So here it goes! 13 months ago there would have been two significant events that I would have thought of if you mentioned September the 11th. On that day in 2005 I hopped on a plane at the tender age of 18 to go and volunteer overseas for 6 months and also on that day in 2001 the horrible tragedy of the World Trade Center occurred. I now have 3 major events to link with that date. September 11, 2013 is when I underwent brain surgery.
387 days later I'm still here! I'm still breathing & singing and doing a few other things.
Since my 1 year anniversary I have had another MRI. It was the first MRI that didn't bring me to tears. Now that in itself folks is another milestone! I have also had an appointment with a Dr. from one of my rehab clinics and that was the last time I need to see her. I'll be seeing my Neurosurgeon in about a month and am praying it is all good news. Anxious as usual!
Last night I saw a show on TV called Brain Hospital: Saving Lives. I only saw half of it but it is basically a show that documents peoples journeys before and after brain surgery. I saw, literally, how they most probably cut through my skull, held my skin back and some other yucky stuff! Apart from those gruesome visuals, watching that show was, in a weird way, a gentle and positive reminder that I'm not alone in this part of the journey. I don't mean alone as in I have no friends and family there for me I mean that I was reminded that there are others who can genuinely empathise for me and I can empathise for them. I'm thinking of you fellow brain tumour bloggers! There's a big difference between sympathy and empathy.
I took the photo below at Brighton Beach this evening. It's a shame photos can't quite capture emotions.
Monday marked 11 months since my
surgery! That's a crazy truth. During the last couple of weeks I have been playing the days, hours and minutes that I remember before I
went into surgery over in my head. I remember the fear, the hope, the uncertainty and
the love that was constantly around me. Why do we remember such days and experiences so vividly? I couldn't tell you what I ate for breakfast on Monday but I can tell you the conversation I had with the nurse as I was wheeled into the operating theatre 11 months ago. I remember looking at myself in the mirror after all of the bandaging had been removed and seeing how much hair I'd loss but don't remember what color lipstick I wore yesterday. I remember getting cranky with the nurses who wouldn't let me shut my curtain at night so they could keep an eye on the patient in the bed next to me but not what I gave my sister for her birthday last year. Now obviously the examples that I just listed of what I do remember and what I don't are comparing major vs minor situations and that's probably why I don't remember what my breakfast was, what lipstick I wore or what I got my sister for her birthday.
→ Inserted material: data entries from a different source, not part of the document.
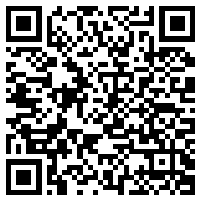 QR Code for bitcoin:bitcoin:bitcoin:bitcoin:bitcoin:litecoin:LfRrs2W7WdEQqu2fGvzPE67pWBYZqsAzMJ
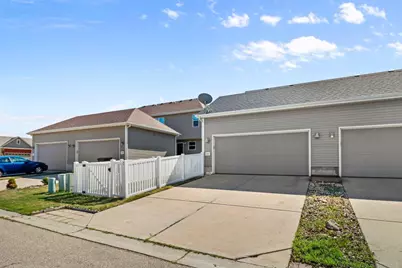 149 Milky Way, Madison, WI 53718 - Photo 33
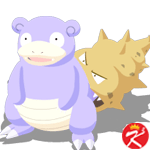 Pokemon sleep 宝可梦睡姿异色图鉴：呆壳兽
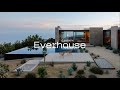 Is this the best modern house in california house tour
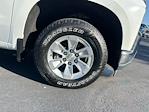 2020 Chevrolet Silverado 1500 Double Cab 4WD Pickup for sale #33138W - photo 8
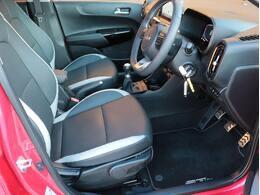 Used Kia Picanto 2024 for sale - 77156674: Photo 9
I don't know what the scientific reasoning behind memory is but for now I'll just take the stand that I remember these rather big occurrences as reminders of the journey I'm going through and how far I've come in the last 11 months. I feel the next month will have me thinking a lot more about what happened and at the same time will be quite emotional especially as I am due to have another MRI and see the neurologist to see where things are in September.
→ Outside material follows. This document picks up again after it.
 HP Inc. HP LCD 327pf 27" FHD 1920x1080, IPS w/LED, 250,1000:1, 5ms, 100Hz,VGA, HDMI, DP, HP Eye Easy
In the last year or so I have read many a blog by others who have brain tumors and I have been able to relate in many ways to many of the stories I read. One thing I've found useful and reassuring, albeit in a weird way, was reading other peoples accounts on the highs and lows of being on Keppra and Lamotrigine to control seizures. For me they are a God send of a gift but also a downright pain in the arse. I said to mum a couple of months ago that I do not recall the last time I woke up feeling re-energized (even before surgery). These drugs are draining, I suppose their purpose is to literally slow my brain down from going into overdrive and that they are doing but they also slow me down overall, physically and mentally. When you read the associated risks that come with taking these drugs it's a bit daunting. I realise now that the side effects, mostly tiredness, that I experience when taking this medication are nothing in comparison to some other bloggers who are also on anti seizure medication and have literally had intense suicidal thoughts. However there are other possible side effects, that at this stage in my life I need not worry about but in the next 10 years they may be cause for concern. I constantly and honestly hope that the scientific world will sooner rather than later discover some magic pill that cures all of this stuff that's happening in my brain without the risk of nasty side effects but hey we're still waiting for hover-boards.
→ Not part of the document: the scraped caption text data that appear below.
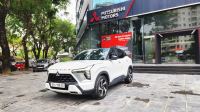 Bán xe Mitsubishi Xforce 2024 Premium giá 559 Triệu - Hà Nội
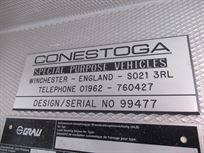 sold-4-car-transporter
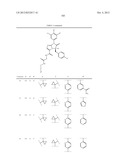 DERIVATIVES OF 6,7-DIHYDRO-5H-IMIDAZO[1,2-a]IMIDAZOLE-3-CARBOXYLIC ACID     AMIDES diagram and image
Sometimes I feel like this blog is a bit selfish and that's why I don't blog as much as I did a first. A lot of the other blogs I read by people with brain tumours are having a shit time and here I am just reminiscing on a rather successful surgery. I'm not good or in all honesty really interested in researching diets and genetics and sharing all about them and how they relate to this and that. I suppose I prefer to live a bit naively and try not to stress myself out. Time will tell whether or not that's a good thing. Even though I don't have all of this amazing knowledge to share I'm still hoping, almost wishing, that my blog serves a purpose. I think that purpose could be one of encouragement and every now and then reminding us to keep on going and not give up in a terrible situation. I don't know what this blog's actual purpose is, apart from reflecting on experiences, but if you're reading this and about to have brain surgery or have just been through it I hope there is something amongst all of my blabbering that helps you today or tomorrow.
If you've been following this blog you've probably realised that I'm a softy. I cried when I was listening
to a talkback program on the radio talking about the death of
Robin Williams and depression. Apart from the horrible way through which
he left this world, I didn't really understand at that moment why I was
so troubled by his passing. I suppose one of the reasons is that
throughout my life he has starred in movies that were some of my
childhood favorites and other movies of, one might say, real depth (Mrs.
Doubtfire, Good Will Hunting, Dead Poets Society, Jumanji, Aladdin,
Hook, Flubber, Patch Adams). However I think, once again, it just hit me
how life, and each day in it, is precious. Probably not the best day to
watch Patch Adams but this scene reminds me of certain medical professionals that I have encountered over the last few years, good and not so good ( also there's a couple of scenes throughout the movie that remind me of my time in hospital).
In other news, today is my birthday and I am now 27! I keep being reminded that it's just a number.
I'm back! I didn't actually go anywhere just haven't had anything to blog about.
Anyway, I have reached a couple of milestones in the last month so thought I would share. The most significant milestone is that my specialist believed that it was time they ended my rehab program. It brought about a mixture of emotions. I was joyful yet saddened, as well as feeling a lot more confident with myself but a bit anxious about facing the rest of the journey on my own, so to speak.
Friday just gone also marked 10 months since I had surgery. Before I know it, it will be 12 months.
Last night was also a big deal for me. I got back onto the netball court and played a whole game. I was so happy that I finally did it. That was something I had been aiming to do for the last 10 months but had been very anxious about. I was only filling in but hopefully that becomes a regular thing.
On top of this I've made it halfway through the working year. I must admit I still don't know how I've done it. Being on holidays at the moment has been great. I don't usually go away during term holidays, and haven't these holidays either but have had a great time, mainly just catching up with friends.
The following sayings pretty much summarise the last month of my life.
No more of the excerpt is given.